• ACTION ITEM
Scan the records below and copy every line that contains the string "first".

• DATA SECTION

###

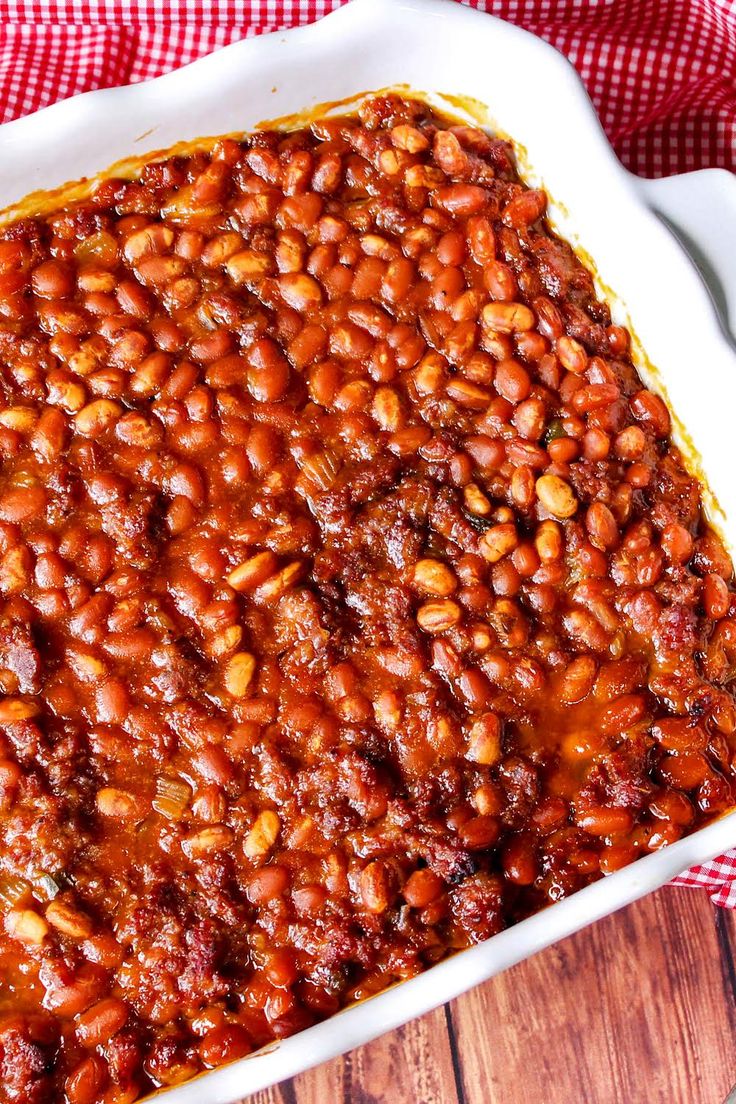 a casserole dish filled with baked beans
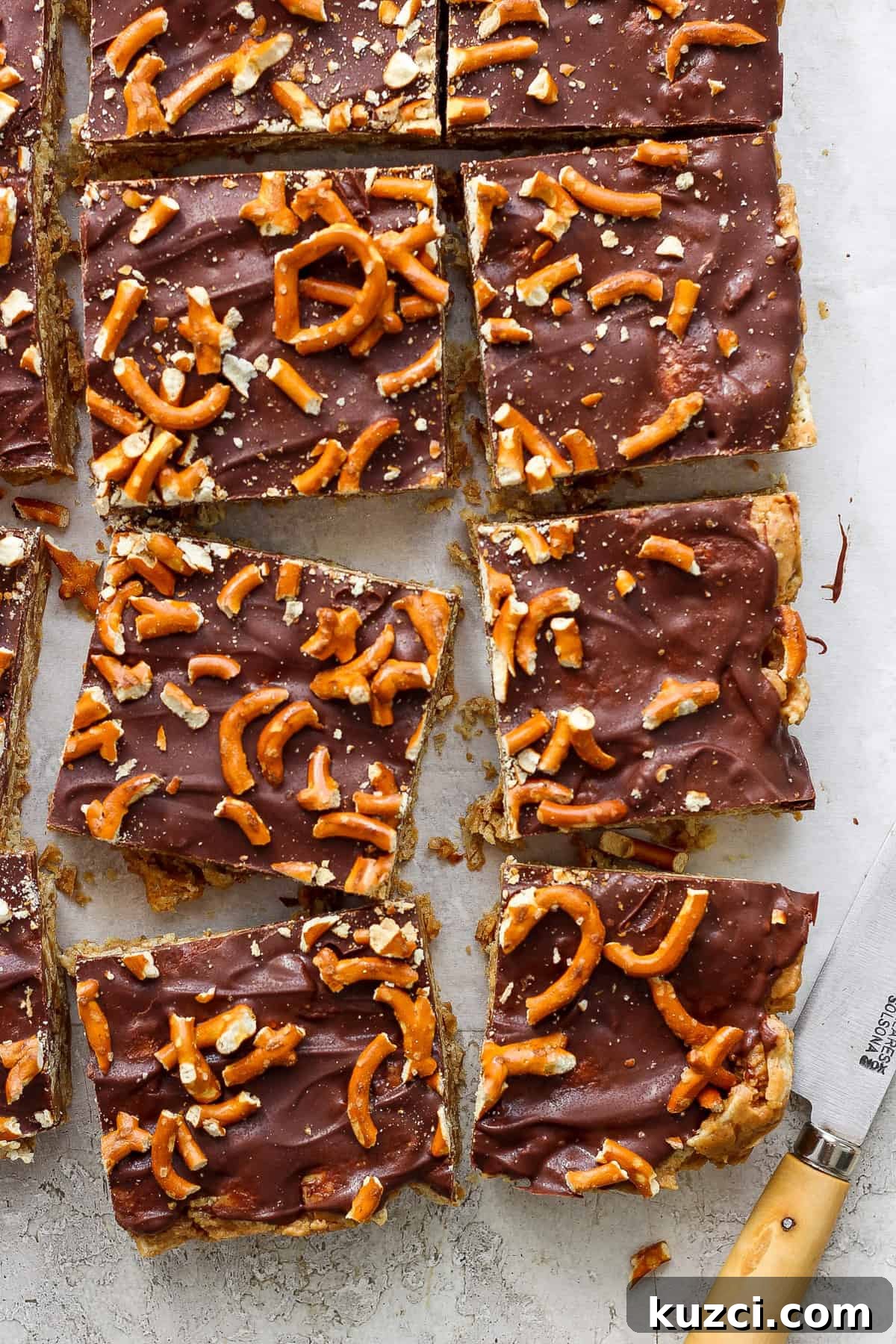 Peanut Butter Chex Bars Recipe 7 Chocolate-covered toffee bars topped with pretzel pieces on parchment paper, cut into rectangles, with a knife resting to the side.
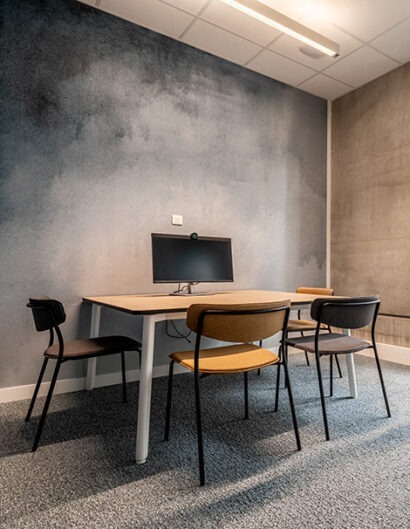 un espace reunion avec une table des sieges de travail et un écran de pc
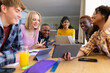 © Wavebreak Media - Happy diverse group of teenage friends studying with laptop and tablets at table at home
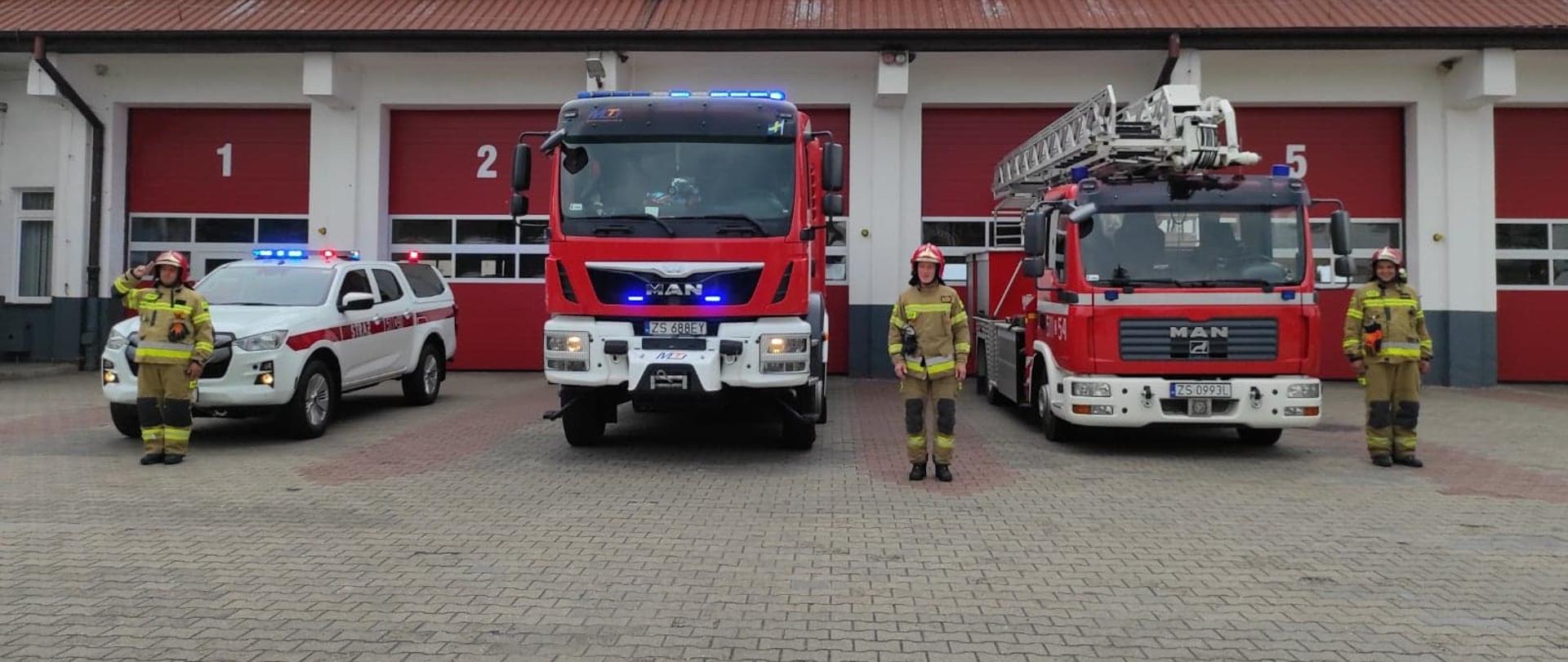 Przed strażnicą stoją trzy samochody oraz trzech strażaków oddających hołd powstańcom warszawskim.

###

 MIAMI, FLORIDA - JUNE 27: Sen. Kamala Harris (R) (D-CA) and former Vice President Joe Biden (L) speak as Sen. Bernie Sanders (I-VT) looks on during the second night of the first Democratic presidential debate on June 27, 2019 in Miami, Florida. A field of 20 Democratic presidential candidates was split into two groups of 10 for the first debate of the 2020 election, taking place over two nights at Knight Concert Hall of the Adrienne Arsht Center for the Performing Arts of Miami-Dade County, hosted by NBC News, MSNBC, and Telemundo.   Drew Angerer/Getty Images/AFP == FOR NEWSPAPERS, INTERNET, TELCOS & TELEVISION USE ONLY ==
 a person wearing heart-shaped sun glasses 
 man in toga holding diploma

###

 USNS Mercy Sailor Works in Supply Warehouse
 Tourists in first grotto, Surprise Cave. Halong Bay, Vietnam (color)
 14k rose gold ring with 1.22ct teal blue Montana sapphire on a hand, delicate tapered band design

###

• ANSWER AREA
 MIAMI, FLORIDA - JUNE 27: Sen. Kamala Harris (R) (D-CA) and former Vice President Joe Biden (L) speak as Sen. Bernie Sanders (I-VT) looks on during the second night of the first Democratic presidential debate on June 27, 2019 in Miami, Florida. A field of 20 Democratic presidential candidates was split into two groups of 10 for the first debate of the 2020 election, taking place over two nights at Knight Concert Hall of the Adrienne Arsht Center for the Performing Arts of Miami-Dade County, hosted by NBC News, MSNBC, and Telemundo.   Drew Angerer/Getty Images/AFP == FOR NEWSPAPERS, INTERNET, TELCOS & TELEVISION USE ONLY ==
 Tourists in first grotto, Surprise Cave. Halong Bay, Vietnam (color)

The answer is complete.